Modern Datalakes with Hudi, MinIO, and HMS

on Open Source 14 March 2024

Modern Datalakes with Hudi, MinIO, and HMS

Apache Hudi has established itself as one of the leading open table formats for managing modern datalakes, offering core warehouse and database functionalities directly within the modern datalake. This is in large part due to Hudi providing advanced features like tables, transactions, upserts/deletes, advanced indexes, streaming ingestion services, data clustering/compaction optimizations and concurrency control.

We’ve already explored how MinIO and Hudi can work together to build a modern datalake. This blog post aims to build on that knowledge and offer an alternative implementation of Hudi and MinIO that leverages Hive Metastore Service (HMS). In part from its origin story arising from the Hadoop ecosystem, many large-scale data implementations of Hudi still leverage HMS. Often a migration story from legacy systems involves some level of hybridization as the best of all of the products involved are leveraged for success.
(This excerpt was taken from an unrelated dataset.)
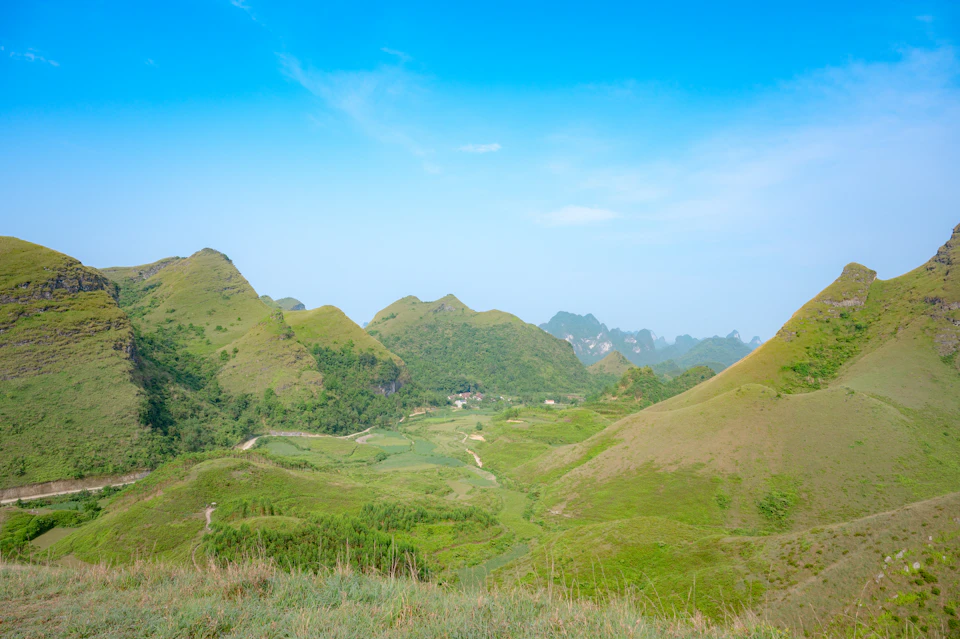 Mountainous landscape with lush green valley between two towering peaks in clear blue sky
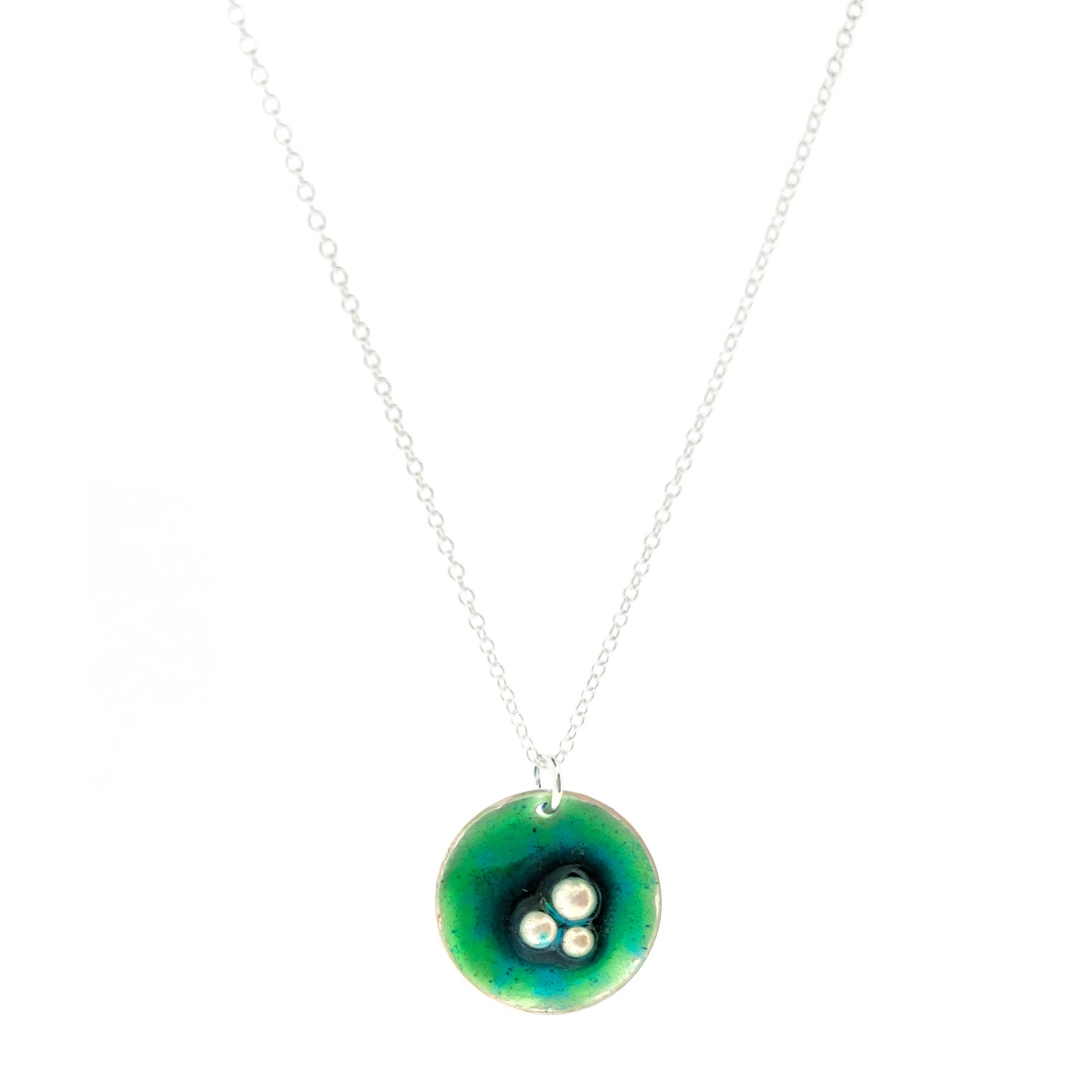 A handmade round silver pendant with a mix of green and turquoise enamel and three silver balls off-centre. Suspended on a silver chain. Shown on a white background. Mijoux Jewellery.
Hudi on MinIO: A Winning Combination

Hudi's evolution from HDFS dependence to cloud-native object storage like MinIO aligns perfectly with the data industry's shift away from monolithic and inappropriate legacy solutions. MinIO's performance, scalability, and cost-effectiveness make it an ideal choice for storing and managing Hudi data. Additionally, Hudi's optimizations for Apache Spark, Flink, Presto, Trino, StarRocks and others in the modern data seamlessly integrate with MinIO for cloud-native performance at scale. This compatibility represents an important pattern in modern datalake architectures.

HMS Integration: Enhanced Data Governance and Management

While Hudi provides core data management features out of the box, integrating with HMS adds another layer of control and visibility. Here's how HMS integration benefits large-scale Hudi deployments:

Improved Data Governance: HMS centralizes metadata management, enabling consistent access control, lineage tracking, and auditing across your data lake. This ensures data quality, compliance, and simplifies governance processes.
Simplified Schema Management: Define and enforce schemas for Hudi tables within HMS, ensuring data consistency and compatibility across pipelines and applications. HMS schema evolution capabilities allow adapting to changing data structures without breaking pipelines.
Enhanced Visibility and Discovery: HMS provides a central catalog for all your data assets, including Hudi tables. This facilitates easy discovery and exploration of data for analysts and data scientists.

Getting Started: Meeting the Prerequisites

To complete this tutorial you’ll need to get set up with some software. Here's a breakdown of what you'll need:

Docker Engine: This powerful tool allows you to package and run applications in standardized software units called containers.
Docker Compose: This acts as an orchestrator, simplifying the management of multi-container applications. It helps define and run complex applications with ease.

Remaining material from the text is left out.